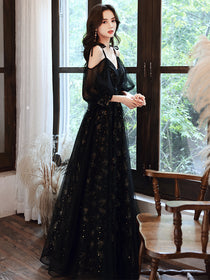 4511177 Black Lace Hem A-Line Dress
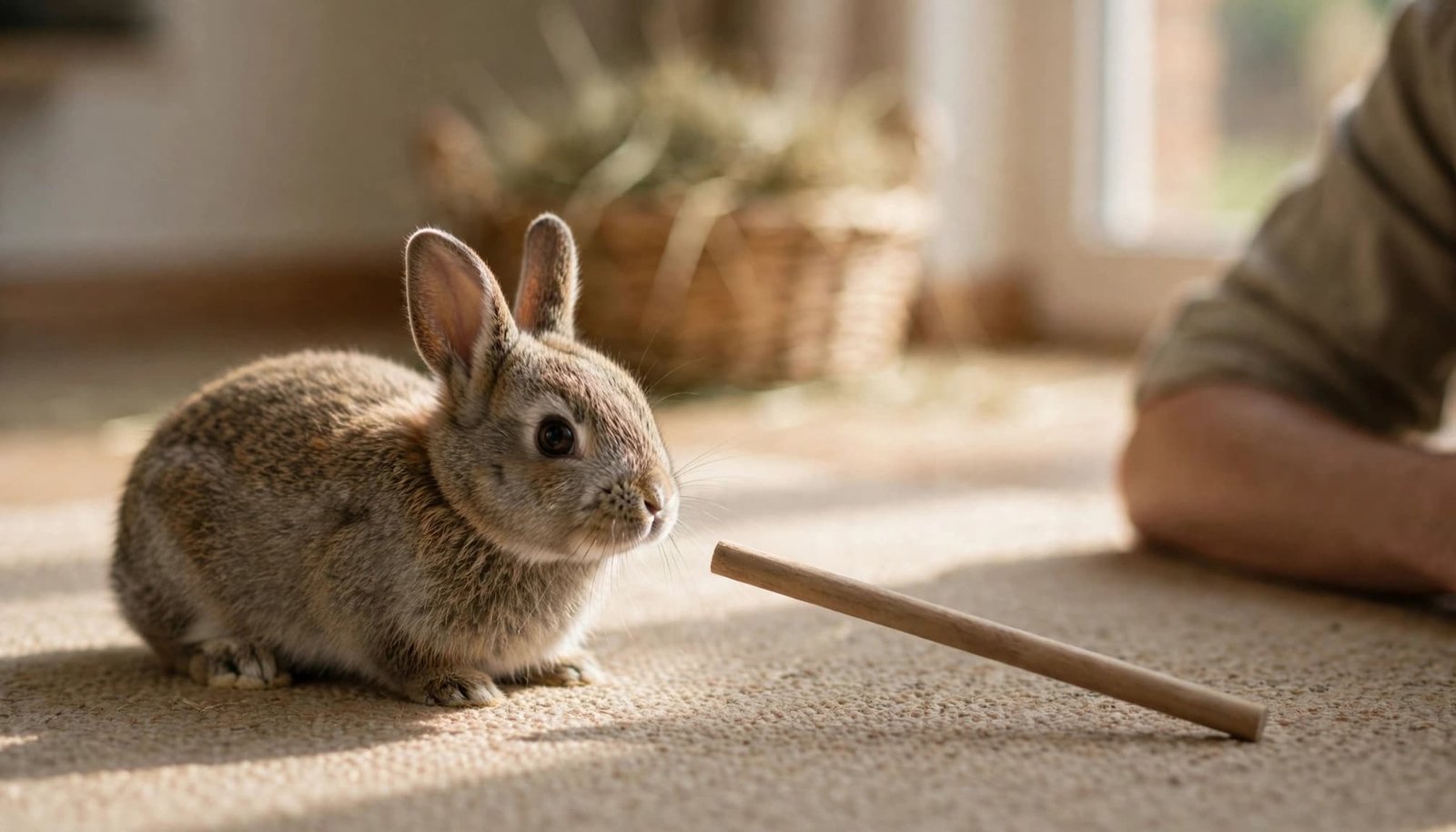 A rabbit approaches a wooden target stick on a sunlit rug.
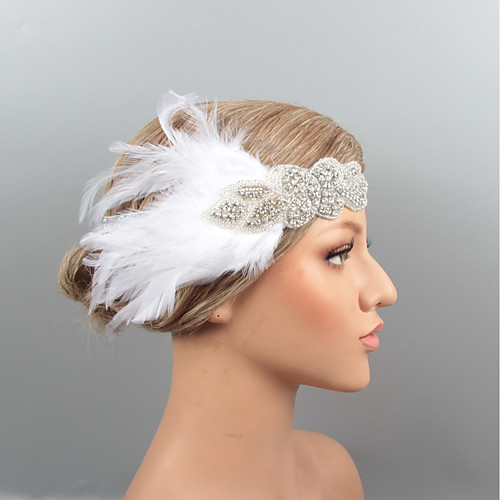 

Vintage 1920s The Great Gatsby Feathers Headbands / Headpiece / Hair Accessory with Crystal / Feather 1 pc Wedding / Party / Evening Headpiece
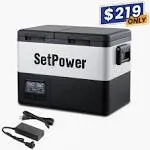 Setpower Pt35 12V Portable Car Refrigerator Freezer with AC Adapter 37 Quart Dual Zone Outdoor Fridge PT55 + AC + Cover + Slider + 216Wh Battery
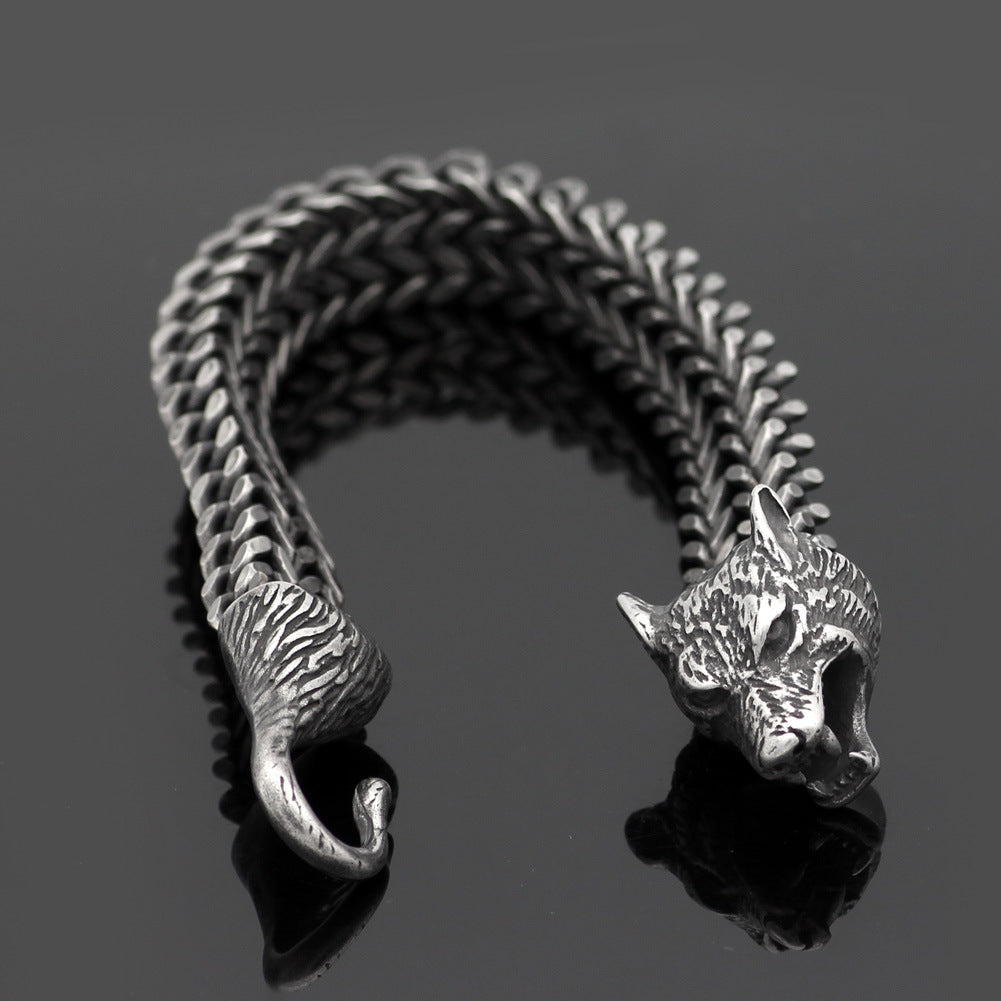 Bracelet Men Stainless Steel Vintage Black Wolf Head Cuban Chain Hand Wristband Male Fashion Jewelry Wholesale Accessories Gifts - Premium Mannen Sieraden from My Store - Just €32.26! Shop now at KIYOO Royal Brand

☆ ☆ ☆ ☆

Activity | Give back every line of the material exactly as written, but not the pictures.

Solved problem |
 4511177 Black Lace Hem A-Line Dress
 A rabbit approaches a wooden target stick on a sunlit rug.

Vintage 1920s The Great Gatsby Feathers Headbands / Headpiece / Hair Accessory with Crystal / Feather 1 pc Wedding / Party / Evening Headpiece
 Setpower Pt35 12V Portable Car Refrigerator Freezer with AC Adapter 37 Quart Dual Zone Outdoor Fridge PT55 + AC + Cover + Slider + 216Wh Battery
 Bracelet Men Stainless Steel Vintage Black Wolf Head Cuban Chain Hand Wristband Male Fashion Jewelry Wholesale Accessories Gifts - Premium Mannen Sieraden from My Store - Just €32.26! Shop now at KIYOO Royal Brand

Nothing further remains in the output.